The Higgs boson's nickname "the God Particle" was solidified upon its discovery, namely as a result of the popular media. The origin of this is often connected to Nobel Prize-winning physicist Leon Lederman referring to the Higgs boson as the "Goddamn Particle" in frustration with regards to how difficult it was to detect.
Business Insider says that when Lederman authored a book on the Higgs boson in the 1990s the title was to be "The Goddamn Particle" but the publishers changed this to "The God Particle" and a troublesome connection with religion was drawn, one which bothers physicists to this day.
Still, it's hard to overestimate the importance of the Higgs boson and the Higgs field in general, as without this aspect of nature no particles would have mass. That means no
stars, no planets, and no us — something which may help warrant its hyperbolic nickname.
In 1964, researchers had begun to use quantum field theory to study the
weak nuclear force — which determines the atomic decay of elements by transforming protons to neutrons — and its force carriers the W and Z bosons.
The weak force carriers should be massless, and if they weren't this risked breaking a principle of nature called symmetry which — just like the symmetry of a shape ensures it looks the same if it is turned or flipped — ensures the laws of nature are the same however they are viewed.

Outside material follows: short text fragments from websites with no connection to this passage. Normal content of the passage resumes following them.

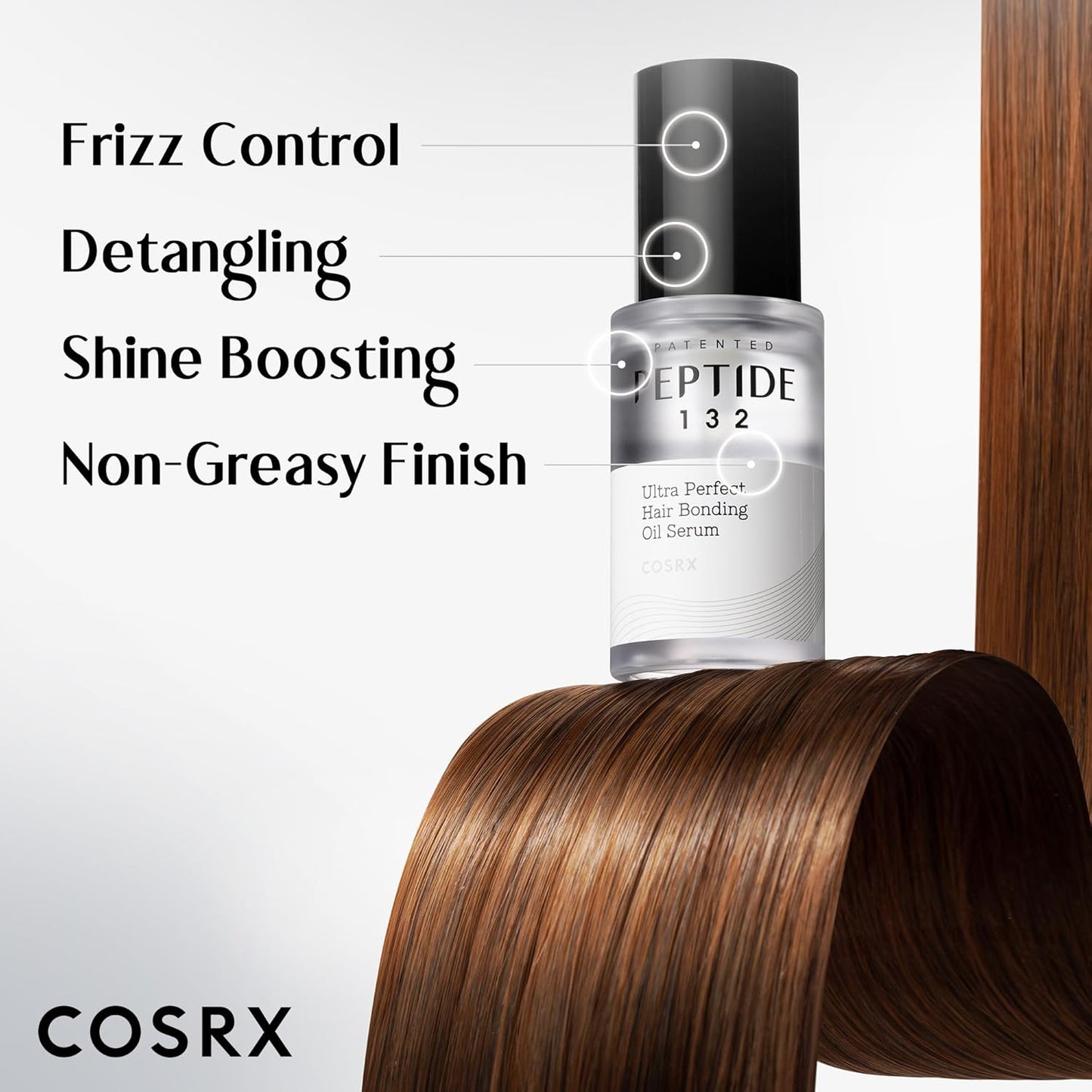 COSRX PEPTIDE 132 Hair Bonding Oil Serum, Travel Size Keratin Treatment for Frizzy, Damaged, Dry Hair – Repairs Split Ends, Adds Hair Gloss – For All Hair Types, Stocking Stuffers – 0.94 fl oz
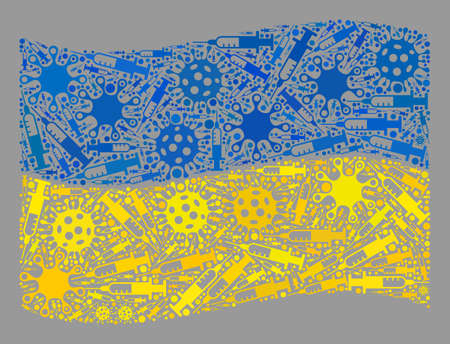Mosaic waving Ukraine flag designed with virus and needle items. Vector virus therapy collage waving Ukraine flag organized for pandemic projects.のイラスト素材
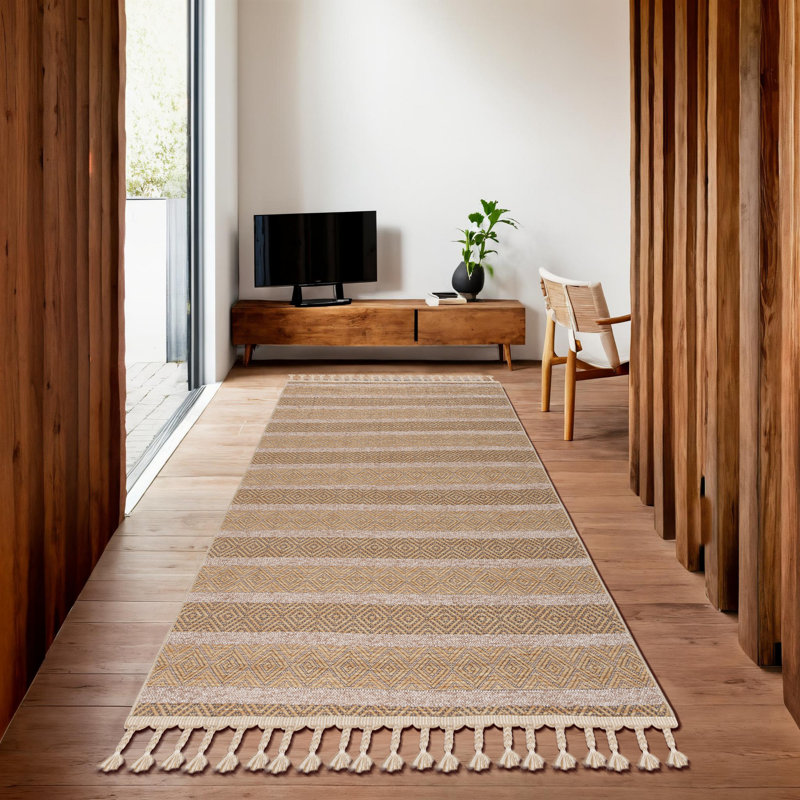Luxurious Hall Carpet, 3.3 x 6.6 ft, Beige & Yellow | 64% Cotton, 21% Polyester, 15% Chenille | Machine Woven, 1450 g/m² | Antibacterial, 0.2 in Pile Height | Easy to Clean, Vacuum & Machine Wash at 86°F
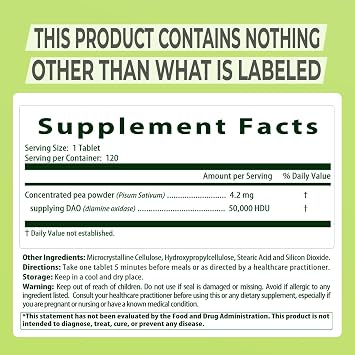 MAX DAO Enzyme Supplement 120 Tablets, 50,000 HDU per Tablet Adjustable Dosage, Extended Release, Histamine Blocker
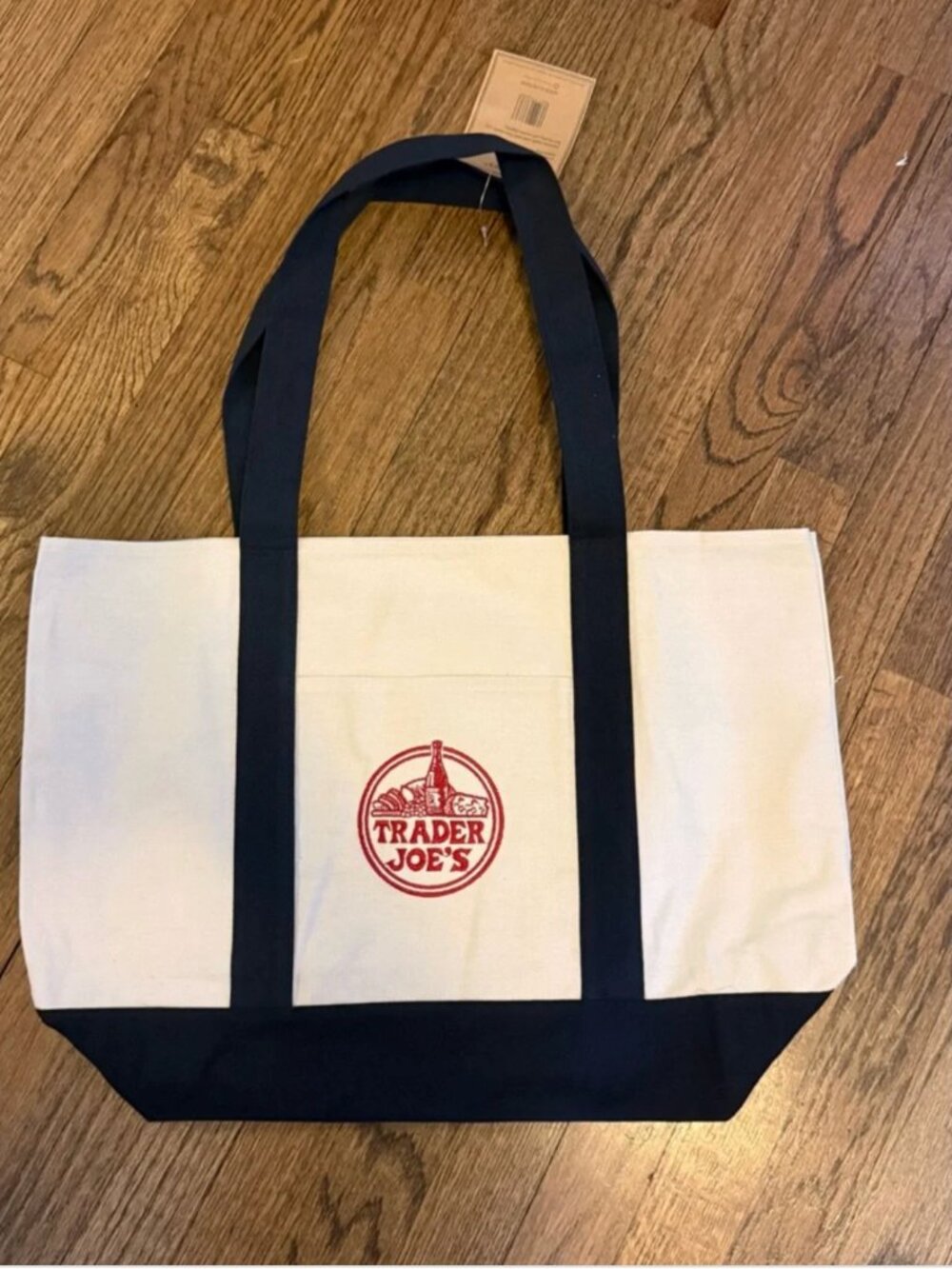 VIRAL NWT! Trader Joes Tote Bag Navy Blue Canvas Large 20” x 15”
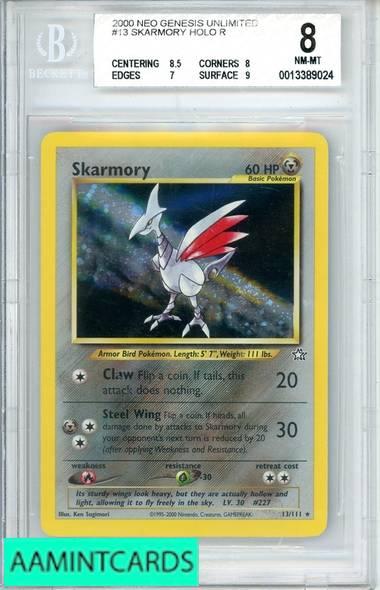 2000 POKEMON NEO GENESIS UNLIMITED SKARMORY HOLO R #13 BGS 8 0013389024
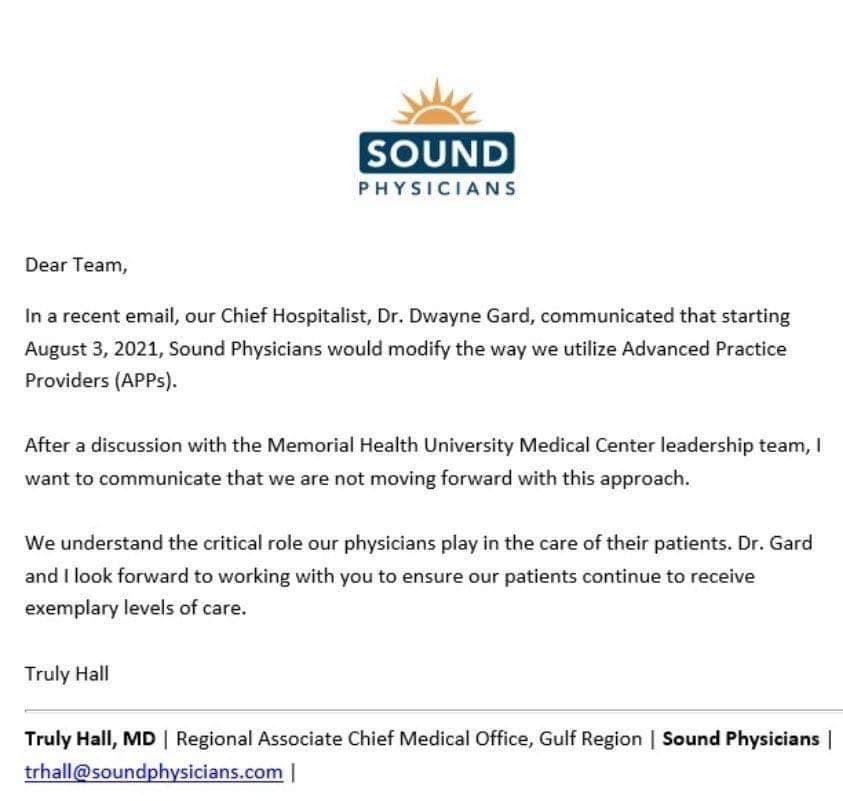 Co0kieM0nster4's tweet photo. Social media pressure works! 
Thanks to the social media outcry from patients, family members and fellow healthcare workers, the patients at Memorial University Medical Center will continue to receive safe, physician-led care. #StopScopeCreep #PPP #PhysiciansForPatientProtection https://t.co/egoAR1Btuj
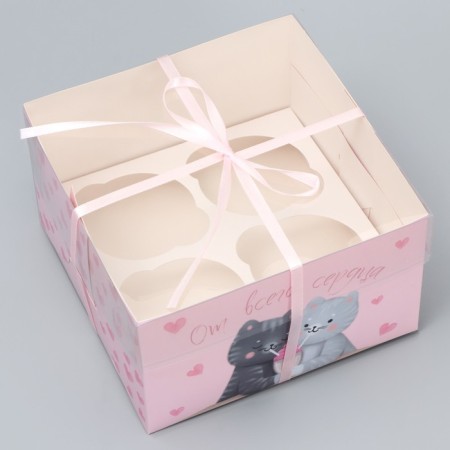 Capcake box, confectionery packaging, 4 cells "from the entire heart", 16 x 16 x 10 cm-2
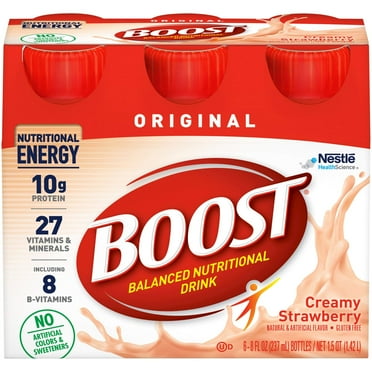 Boost Original Balanced Nutritional Drink, Creamy Strawberry, Nutritional Energy With Protein, Vitamins & Minerals, 6 - 8 Fl Oz Bottles/Pack (Pack Of 1)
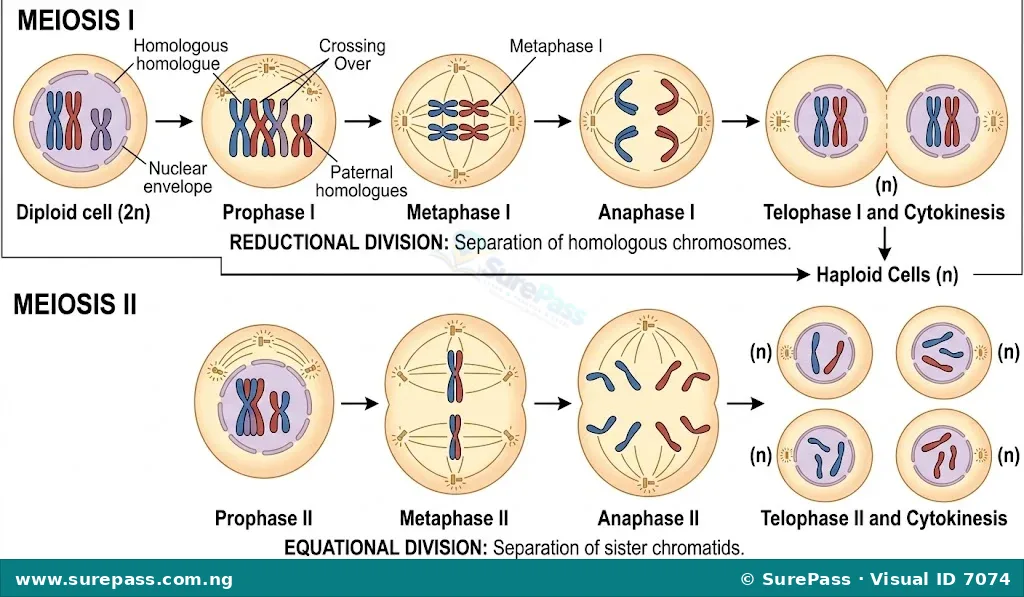 Diagrams illustrating the stages of meiosis, from a diploid parent cell to four haploid daughter cells.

Putting mass arbitrarily onto particles also caused certain predictions to trend towards infinity.
Yet, researchers knew that because the weak force is so strong over short distance interactions — much more powerful than
gravity — but very weak over longer interactions, its bosons must have mass.
The solution proposed by Peter Higgs François Englert, and Robert Brout, in 1964 was a new field and a way to "trick" nature into breaking symmetry spontaneously.